Let’s start with some basic definitions. RabbitMQ is a message broker that uses the messaging protocol AMQP 0–9–1, the main idea is that RabbitMQ receives messages from producers and routes them to one or more consumers that use the information inside those messages to perform actions on their end. To achieve this the producers create a connection with RabbitMQ and inside that connection, they also create a channel that is used to send messages to RabbitMQ to be handled. On the consumer side, they also create connections and channels to receive those messages from RabbitMQ when certain criteria are met. This functionality comes out of the box with RabbitMQ but can be modified and expanded with plugins that allow it for example to be able to use AMQP 1.0 as well.

Let’s continue with some crucial elements of RabbitMQ, the first and most important one is the message. A message is a string with relevant data to the applications that are part of the system.
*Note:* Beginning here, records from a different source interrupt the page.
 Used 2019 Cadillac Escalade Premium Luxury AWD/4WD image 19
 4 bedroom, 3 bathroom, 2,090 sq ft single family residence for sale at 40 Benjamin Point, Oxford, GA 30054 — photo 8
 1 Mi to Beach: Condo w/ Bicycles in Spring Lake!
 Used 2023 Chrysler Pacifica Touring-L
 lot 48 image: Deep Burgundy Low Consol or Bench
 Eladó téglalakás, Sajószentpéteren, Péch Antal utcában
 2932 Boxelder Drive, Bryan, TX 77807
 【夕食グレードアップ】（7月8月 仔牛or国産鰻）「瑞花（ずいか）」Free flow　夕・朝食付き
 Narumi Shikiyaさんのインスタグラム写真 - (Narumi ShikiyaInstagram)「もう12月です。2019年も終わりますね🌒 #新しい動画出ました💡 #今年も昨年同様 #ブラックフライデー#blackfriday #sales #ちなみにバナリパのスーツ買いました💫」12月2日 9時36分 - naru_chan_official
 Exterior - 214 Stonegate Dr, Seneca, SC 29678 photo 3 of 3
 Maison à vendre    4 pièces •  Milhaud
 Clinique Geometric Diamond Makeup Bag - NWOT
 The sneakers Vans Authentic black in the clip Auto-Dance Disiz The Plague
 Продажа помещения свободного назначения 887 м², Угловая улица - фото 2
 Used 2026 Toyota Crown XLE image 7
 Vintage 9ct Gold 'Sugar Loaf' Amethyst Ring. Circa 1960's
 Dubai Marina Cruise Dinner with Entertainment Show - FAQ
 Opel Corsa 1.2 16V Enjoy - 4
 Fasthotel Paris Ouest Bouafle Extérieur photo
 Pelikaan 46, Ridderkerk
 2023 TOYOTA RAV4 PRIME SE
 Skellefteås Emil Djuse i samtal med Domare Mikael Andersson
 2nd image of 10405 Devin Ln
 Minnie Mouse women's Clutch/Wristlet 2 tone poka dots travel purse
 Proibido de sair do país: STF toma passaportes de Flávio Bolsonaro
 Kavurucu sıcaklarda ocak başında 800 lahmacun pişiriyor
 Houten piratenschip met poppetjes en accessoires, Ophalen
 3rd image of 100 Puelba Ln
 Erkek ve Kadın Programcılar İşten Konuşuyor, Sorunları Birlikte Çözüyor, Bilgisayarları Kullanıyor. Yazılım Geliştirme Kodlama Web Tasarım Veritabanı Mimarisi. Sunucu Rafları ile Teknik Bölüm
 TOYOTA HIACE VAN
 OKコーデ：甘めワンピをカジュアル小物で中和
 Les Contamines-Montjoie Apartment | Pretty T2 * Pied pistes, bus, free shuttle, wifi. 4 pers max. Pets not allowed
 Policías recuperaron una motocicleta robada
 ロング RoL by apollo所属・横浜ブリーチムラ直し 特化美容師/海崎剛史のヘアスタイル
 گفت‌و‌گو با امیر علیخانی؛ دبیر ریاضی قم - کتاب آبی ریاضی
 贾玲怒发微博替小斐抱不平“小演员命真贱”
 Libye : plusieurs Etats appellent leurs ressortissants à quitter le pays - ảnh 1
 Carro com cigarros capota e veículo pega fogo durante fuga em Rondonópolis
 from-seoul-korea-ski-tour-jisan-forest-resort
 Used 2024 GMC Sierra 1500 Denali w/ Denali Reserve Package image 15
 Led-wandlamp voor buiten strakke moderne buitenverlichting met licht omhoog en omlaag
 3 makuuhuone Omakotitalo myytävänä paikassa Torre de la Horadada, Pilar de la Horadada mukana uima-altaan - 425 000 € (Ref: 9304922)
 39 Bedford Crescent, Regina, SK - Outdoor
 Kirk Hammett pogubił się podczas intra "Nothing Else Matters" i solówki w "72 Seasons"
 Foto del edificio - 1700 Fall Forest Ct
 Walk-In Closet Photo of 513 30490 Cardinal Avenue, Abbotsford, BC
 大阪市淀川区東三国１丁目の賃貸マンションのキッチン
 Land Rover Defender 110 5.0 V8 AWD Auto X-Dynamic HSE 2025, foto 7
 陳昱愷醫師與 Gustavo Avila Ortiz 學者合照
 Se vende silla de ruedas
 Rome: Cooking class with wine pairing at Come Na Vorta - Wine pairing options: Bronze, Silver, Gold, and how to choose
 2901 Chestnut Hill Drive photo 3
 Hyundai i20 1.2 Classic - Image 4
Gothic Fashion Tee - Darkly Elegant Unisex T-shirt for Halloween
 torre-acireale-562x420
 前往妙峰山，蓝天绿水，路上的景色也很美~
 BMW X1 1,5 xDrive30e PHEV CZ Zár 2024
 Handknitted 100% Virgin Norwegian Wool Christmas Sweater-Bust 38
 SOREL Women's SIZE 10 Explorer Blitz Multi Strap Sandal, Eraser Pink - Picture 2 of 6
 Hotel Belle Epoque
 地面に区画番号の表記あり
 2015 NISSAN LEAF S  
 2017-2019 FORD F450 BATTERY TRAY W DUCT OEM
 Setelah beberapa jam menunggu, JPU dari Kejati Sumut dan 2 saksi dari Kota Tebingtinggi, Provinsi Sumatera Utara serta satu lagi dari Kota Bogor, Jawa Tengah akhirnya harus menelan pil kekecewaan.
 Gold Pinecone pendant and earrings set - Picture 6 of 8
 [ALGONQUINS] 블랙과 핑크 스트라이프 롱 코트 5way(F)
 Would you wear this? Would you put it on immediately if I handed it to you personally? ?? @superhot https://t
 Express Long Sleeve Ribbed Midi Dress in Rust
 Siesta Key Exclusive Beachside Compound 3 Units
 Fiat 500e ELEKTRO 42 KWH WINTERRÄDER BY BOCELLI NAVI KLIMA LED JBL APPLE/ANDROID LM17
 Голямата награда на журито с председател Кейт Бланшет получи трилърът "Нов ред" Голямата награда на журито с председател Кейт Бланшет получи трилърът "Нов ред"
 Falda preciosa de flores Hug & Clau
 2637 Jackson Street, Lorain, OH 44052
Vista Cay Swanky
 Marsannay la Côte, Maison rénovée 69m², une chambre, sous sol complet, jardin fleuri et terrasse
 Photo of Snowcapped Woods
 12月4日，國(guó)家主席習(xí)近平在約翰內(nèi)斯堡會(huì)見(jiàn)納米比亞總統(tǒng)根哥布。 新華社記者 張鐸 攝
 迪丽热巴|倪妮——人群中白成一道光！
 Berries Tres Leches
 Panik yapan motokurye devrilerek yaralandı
The data it conveys can be anything, from a command or a query to just information about an event that occurred somewhere in the system. A message is made of several attributes (some are required and some are optional) that are going to determine how it is handled by RabbitMQ, these are the attributes:

• Headers: These are a collection of key-value pairs that can be used for routing or sending additional information like who is the original publisher of a message.
• Routing Key: This is the most used attribute to route a message, it is a string that contains one or more words that are going to be used to create the routing logic inside RabbitMQ.
• Payload: This is the actual data that an application wants to share with other applications in the system.
• Publishing Timestamp: It is an optional attribute set by the publisher to indicate when it was sent to RabbitMQ.
• Expiration: This is set by the publisher to indicate the lifetime of the message in the queue, after this time lapses the message is considered dead and is undeliverable. This time is expressed in milliseconds.
• Delivery Mode: This attribute tells RabbitMQ how to handle the message. Persistent messages are written to disk and if the server restarts they are reloaded. Transient messages are lost in a server restart.
• Priority: Indicates how important the message is for the system, the publisher sets this on the message and it is an integer between 0 and 255, with 0 as default.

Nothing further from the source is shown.